1984, aku belum juga lahir. Di awal Januari Mama hamil. Kabar ini begitu menggembirakan. Papa memang telah lama menginginkan Mama hamil lagi, dan berharap dapat anak perempuan. Sedangkan Mama, karena ingin mengurusi warung, ingin kehamilan itu ditunda. Tapi, nasib bicara lain, kehamilan terjadi. Papa bersuka cita, Mama agak murung, awalnya. Tapi, akhirnya Mama juga bahagia. Begitulah cerita Mama.

Maret 1984, aku masih 3 bulan dalam rahim. Kecurigaan Papa terbukti, setidaknya itu versi Papa. Di suatu siang, sekilas Papa melihat Mama di sebuah resto di Jakarta. Papa semula tak percaya. Tapi, akhirnya teryakinkan. Papa lalu mengikuti Mama, dan berakhir di sebuah hotel. Ya, Mama memang tidak sendirian. Dia bersama seorang lelaki, langganan warung, kepala bagian di sebuah instansi pemerintahan di Bogor. Perkelahian terjadi di kamar hotel itu. Mama menangis. Lalu pulang bersama Papa. Setelah itu vonis jatuh, Mama telah berselingkuh.

Versi Mama, lelaki itu relasinya, yang membuat Mama memperoleh harga sembako jauh lebih murah. Lalu Mama bersimpati. Ketika hamil itu, entah kenapa, Mama merasa jatuh cinta. Dan siang itu, setelah "bernegosiasi" dengan hatinya, Mama memang siap berselingkuh. Untuk pertama kali. Tapi Papa terlanjur datang, dan selingkuh pun tak terjadi.

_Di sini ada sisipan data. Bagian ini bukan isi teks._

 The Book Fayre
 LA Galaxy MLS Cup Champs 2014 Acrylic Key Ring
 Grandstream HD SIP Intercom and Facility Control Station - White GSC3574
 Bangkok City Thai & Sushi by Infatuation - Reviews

Entah mana versi yang benar, tapi yang jelas, versi Papa lebih kuat. Papa marah, semarah-marahnya. Warung langsung ditutup, para pekerja dipulangkan. Dan Mama menjadi terdakwa, di sidang di depan keluarga. Mama bersumpah, dia belum berselingkuh, hanya akan. Tapi anggota keluarga nyaris tak ada yang percaya. Vonis jatuh, Mama cemar.

Implikasinya menyerang aku, yang masih tiga bulan di kandungan saat itu. Papa meragukan kalau aku anaknya. Bahkan, ketika Mama bersumpah di depan al-Quran pun, Papa tak percaya. Keluarga akhirnya berantakan. Tapi ucapan cerai tak pernah keluar dari mulut Papa. Ia mungkin masih mencintai Mama, tapi amarah dan cemburu telah membutakannya. Setelah kejadian itu, Mama tak pernah "disentuh" oleh Papa.

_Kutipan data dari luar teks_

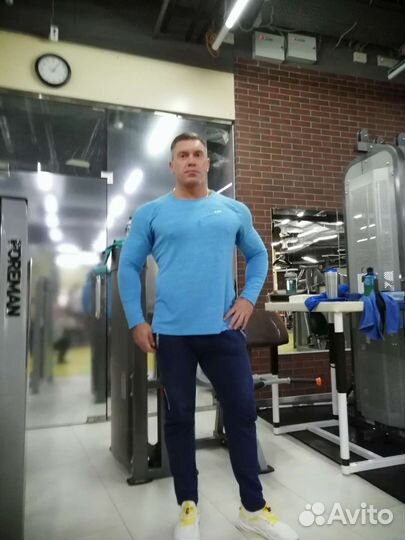 Личный водитель (помощник руководителя)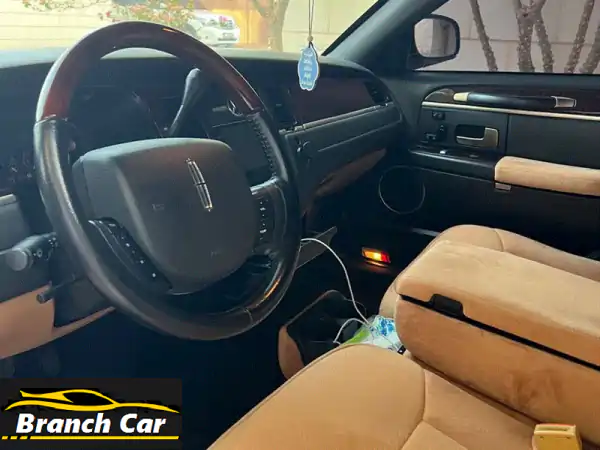 فرصة ذهبية: لينكون أمريكي صالون | دهان وكالة...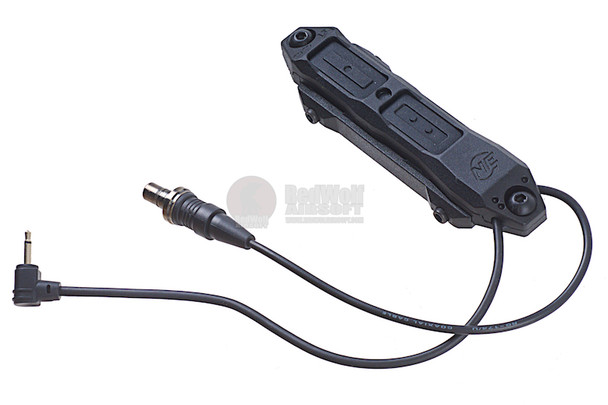 Night Evolution Tactical Augmented Pressure Switch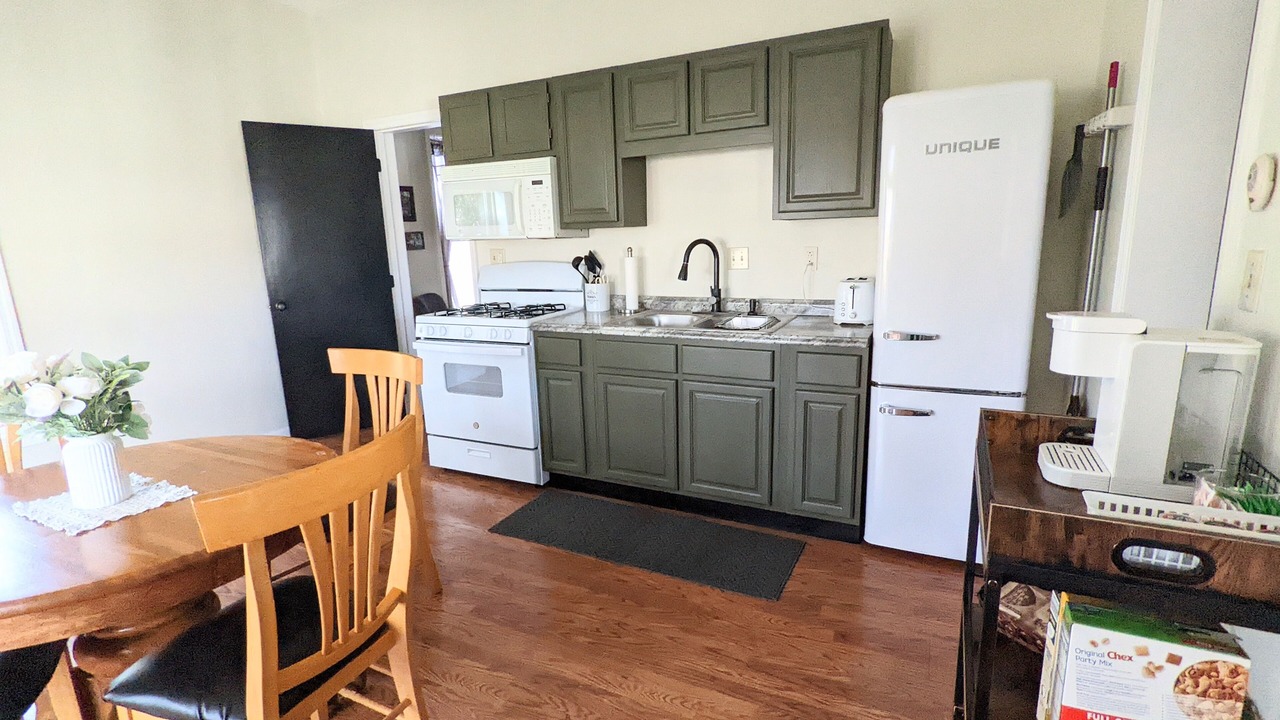 Photo of Kitchen in Salisbury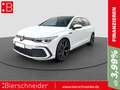 Volkswagen Golf GTI 8 2.0 TSI DSG AHK PANO 19 ESTORIL NAV Weiß - thumbnail 1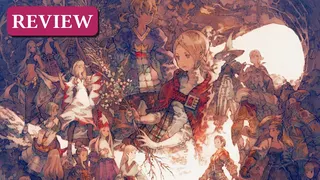 Art shows knights, wizards, and princesses.
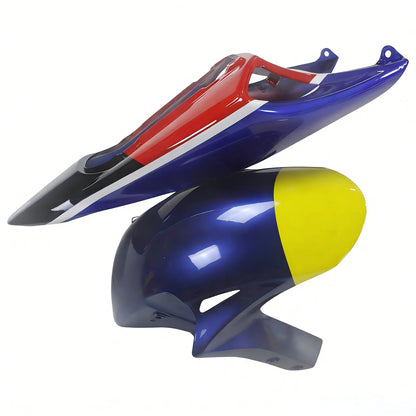 Kit di carenatura iniezione ABS di plastica per Honda CBR1000RR 2006-2007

September 1984, aku lahir. Tak ada suka cita lagi. Hanya Mama yang bahagia, merasa punya teman, setelah semua menyalahkannya. Mama pun menumpahkan semua sayang padaku, setelah Bang Deni memperoleh perhatian berlebihan dari Papa. Papa bahkan tak menunggui persalinanku, hanya kakek dari Mama yang menunggu, dan mengazani aku. Karena, hanya Kakek juga yang percaya, anaknya belum berzinah.

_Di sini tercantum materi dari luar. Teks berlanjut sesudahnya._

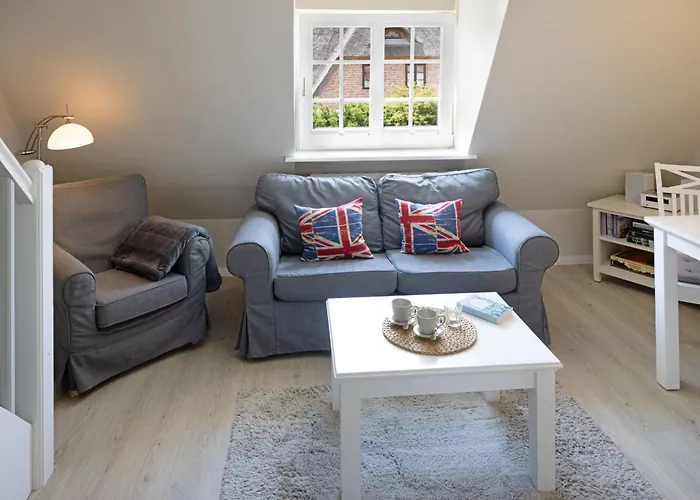 Watt Holte Hueues Apartamento List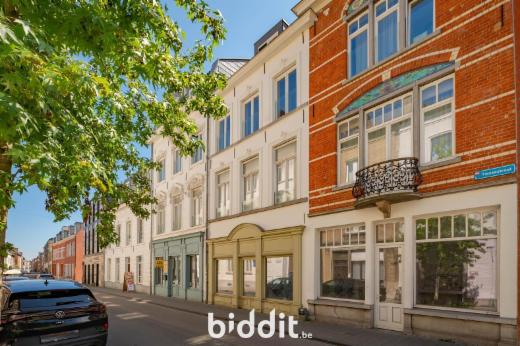 Derde alternatieve foto van het pand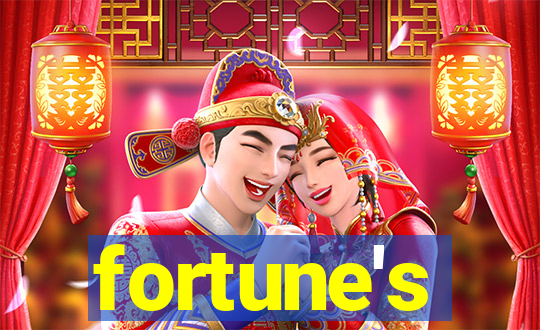 fortune's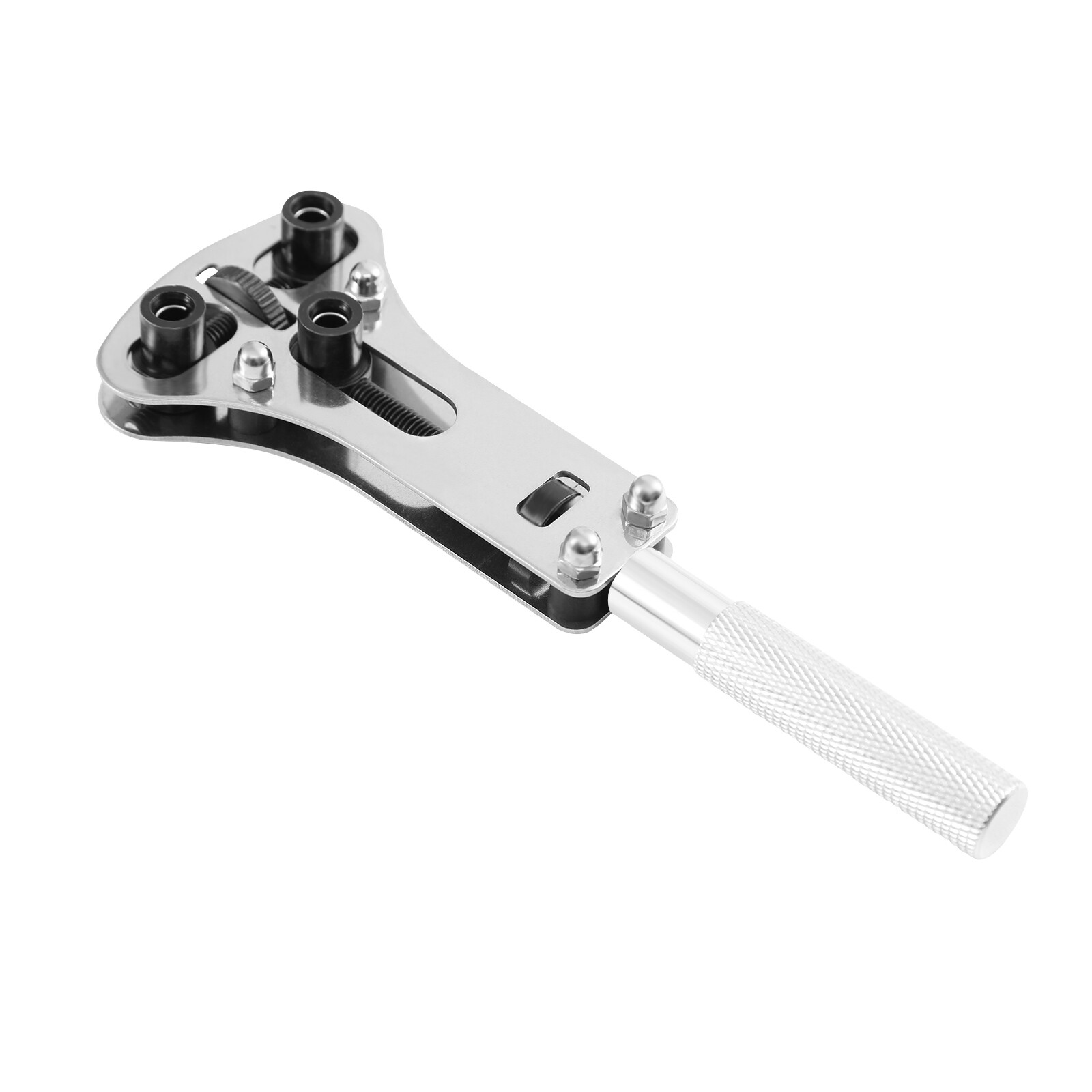 600 PCS Watch Repair Tool Kit Set Watchmaker Strap Pin Battery Cover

Dan, penderitaan aku pun dimulai. Empat tahun setelah aku lahir, kakek berpulang. Praktis, Mama tak punya lagi pembela. Di rumah, Mama nyaris hanya jadi bahan cemoohan, dan babu yang tak bergaji. Uang belanja pun diserahkan Papa pada pembantu. Niat Mama untuk membuka warung pun tak lagi pernah disetujui. "Aku bakar rumah ini kalau kau membuka warung lagi!" Begitu ancam Papa, seperti diceritakan Mama.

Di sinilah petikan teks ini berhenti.